[[ AVAILABLE RECORDS, beginning ]]
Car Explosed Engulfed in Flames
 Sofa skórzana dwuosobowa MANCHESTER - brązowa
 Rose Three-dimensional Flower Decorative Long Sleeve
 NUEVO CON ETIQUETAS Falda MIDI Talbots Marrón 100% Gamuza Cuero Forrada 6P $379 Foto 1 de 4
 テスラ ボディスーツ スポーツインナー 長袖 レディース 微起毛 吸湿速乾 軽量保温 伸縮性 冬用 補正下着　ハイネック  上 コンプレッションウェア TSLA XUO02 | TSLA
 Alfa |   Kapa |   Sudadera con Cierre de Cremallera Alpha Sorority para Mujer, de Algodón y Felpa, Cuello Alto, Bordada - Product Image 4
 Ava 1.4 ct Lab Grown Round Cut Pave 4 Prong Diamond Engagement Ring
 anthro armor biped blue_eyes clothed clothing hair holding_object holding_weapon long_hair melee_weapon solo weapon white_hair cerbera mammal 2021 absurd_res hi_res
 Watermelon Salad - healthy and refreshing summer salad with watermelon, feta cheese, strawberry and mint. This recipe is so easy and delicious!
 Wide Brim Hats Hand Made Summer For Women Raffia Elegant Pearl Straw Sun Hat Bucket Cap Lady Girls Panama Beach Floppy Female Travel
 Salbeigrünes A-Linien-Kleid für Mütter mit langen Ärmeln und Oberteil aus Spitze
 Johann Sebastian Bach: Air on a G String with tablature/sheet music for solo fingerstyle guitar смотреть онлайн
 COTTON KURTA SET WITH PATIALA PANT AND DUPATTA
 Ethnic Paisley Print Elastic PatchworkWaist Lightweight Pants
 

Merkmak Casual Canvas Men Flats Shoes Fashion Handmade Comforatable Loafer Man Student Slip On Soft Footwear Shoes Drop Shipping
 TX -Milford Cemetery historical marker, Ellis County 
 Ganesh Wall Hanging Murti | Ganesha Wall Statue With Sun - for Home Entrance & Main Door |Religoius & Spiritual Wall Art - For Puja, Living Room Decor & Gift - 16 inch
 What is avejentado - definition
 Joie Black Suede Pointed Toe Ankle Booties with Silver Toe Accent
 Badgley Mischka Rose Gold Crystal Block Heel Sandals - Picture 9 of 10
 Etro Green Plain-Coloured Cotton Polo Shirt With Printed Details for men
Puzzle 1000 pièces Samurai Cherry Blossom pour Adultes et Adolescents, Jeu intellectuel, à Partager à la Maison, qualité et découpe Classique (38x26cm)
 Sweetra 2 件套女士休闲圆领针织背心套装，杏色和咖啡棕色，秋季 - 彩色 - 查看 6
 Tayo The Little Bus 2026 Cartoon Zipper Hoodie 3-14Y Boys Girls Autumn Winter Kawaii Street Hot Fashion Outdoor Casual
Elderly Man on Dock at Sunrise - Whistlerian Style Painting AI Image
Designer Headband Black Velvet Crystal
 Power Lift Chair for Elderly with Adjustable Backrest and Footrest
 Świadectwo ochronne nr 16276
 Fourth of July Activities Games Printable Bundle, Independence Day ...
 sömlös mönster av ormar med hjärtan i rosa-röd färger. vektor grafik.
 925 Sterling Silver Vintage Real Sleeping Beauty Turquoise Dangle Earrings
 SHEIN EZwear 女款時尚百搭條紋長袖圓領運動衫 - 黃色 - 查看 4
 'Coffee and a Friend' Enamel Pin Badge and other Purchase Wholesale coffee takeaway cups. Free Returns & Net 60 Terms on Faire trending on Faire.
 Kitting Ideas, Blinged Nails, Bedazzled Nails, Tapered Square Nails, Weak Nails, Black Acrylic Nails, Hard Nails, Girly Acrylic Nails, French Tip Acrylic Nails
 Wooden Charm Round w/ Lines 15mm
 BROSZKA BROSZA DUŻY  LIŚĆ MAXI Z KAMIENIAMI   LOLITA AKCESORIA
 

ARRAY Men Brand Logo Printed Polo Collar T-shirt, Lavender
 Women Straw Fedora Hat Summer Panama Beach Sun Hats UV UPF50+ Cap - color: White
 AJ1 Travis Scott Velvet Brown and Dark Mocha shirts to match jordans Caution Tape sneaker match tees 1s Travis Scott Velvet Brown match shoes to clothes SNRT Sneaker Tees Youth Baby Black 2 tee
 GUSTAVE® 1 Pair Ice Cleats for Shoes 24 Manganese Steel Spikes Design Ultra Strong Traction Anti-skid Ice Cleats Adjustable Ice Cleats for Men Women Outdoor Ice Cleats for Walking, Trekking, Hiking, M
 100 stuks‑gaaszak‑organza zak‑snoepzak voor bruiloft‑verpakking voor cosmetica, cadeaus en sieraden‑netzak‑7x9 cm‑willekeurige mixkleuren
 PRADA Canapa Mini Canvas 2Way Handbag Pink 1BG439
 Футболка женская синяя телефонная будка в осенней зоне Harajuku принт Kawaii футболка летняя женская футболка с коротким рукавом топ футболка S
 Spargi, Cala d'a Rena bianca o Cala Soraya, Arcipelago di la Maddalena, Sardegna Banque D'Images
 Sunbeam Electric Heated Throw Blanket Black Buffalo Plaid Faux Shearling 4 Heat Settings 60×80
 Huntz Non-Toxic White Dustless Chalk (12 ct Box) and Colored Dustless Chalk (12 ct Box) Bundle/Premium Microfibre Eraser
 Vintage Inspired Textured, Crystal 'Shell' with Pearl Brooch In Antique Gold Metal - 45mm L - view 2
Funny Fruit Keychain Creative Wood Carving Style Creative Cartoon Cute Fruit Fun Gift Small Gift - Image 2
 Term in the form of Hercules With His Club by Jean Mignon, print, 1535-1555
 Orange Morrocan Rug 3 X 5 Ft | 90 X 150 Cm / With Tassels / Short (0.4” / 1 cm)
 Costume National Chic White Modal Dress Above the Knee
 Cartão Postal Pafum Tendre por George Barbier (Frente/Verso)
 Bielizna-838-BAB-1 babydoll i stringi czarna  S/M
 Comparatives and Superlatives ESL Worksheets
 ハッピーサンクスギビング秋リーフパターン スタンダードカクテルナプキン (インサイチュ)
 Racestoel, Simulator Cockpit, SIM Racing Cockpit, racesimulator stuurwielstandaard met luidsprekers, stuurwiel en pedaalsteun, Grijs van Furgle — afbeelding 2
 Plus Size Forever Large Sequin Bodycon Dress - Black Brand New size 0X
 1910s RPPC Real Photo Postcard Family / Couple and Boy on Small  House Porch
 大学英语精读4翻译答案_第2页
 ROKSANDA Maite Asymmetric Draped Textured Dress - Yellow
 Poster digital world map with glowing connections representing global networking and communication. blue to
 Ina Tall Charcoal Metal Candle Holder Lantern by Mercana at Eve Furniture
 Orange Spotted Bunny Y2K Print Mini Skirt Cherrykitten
[[ AVAILABLE RECORDS, end ]]
Within the data above, the span starting at the line containing "Term in the" and ending at the line containing "Comparatives and Superlatives ESL Worksheets" is to be retyped exactly, with no other lines.

 Term in the form of Hercules With His Club by Jean Mignon, print, 1535-1555
 Orange Morrocan Rug 3 X 5 Ft | 90 X 150 Cm / With Tassels / Short (0.4” / 1 cm)
 Costume National Chic White Modal Dress Above the Knee
 Cartão Postal Pafum Tendre por George Barbier (Frente/Verso)
 Bielizna-838-BAB-1 babydoll i stringi czarna  S/M
 Comparatives and Superlatives ESL Worksheets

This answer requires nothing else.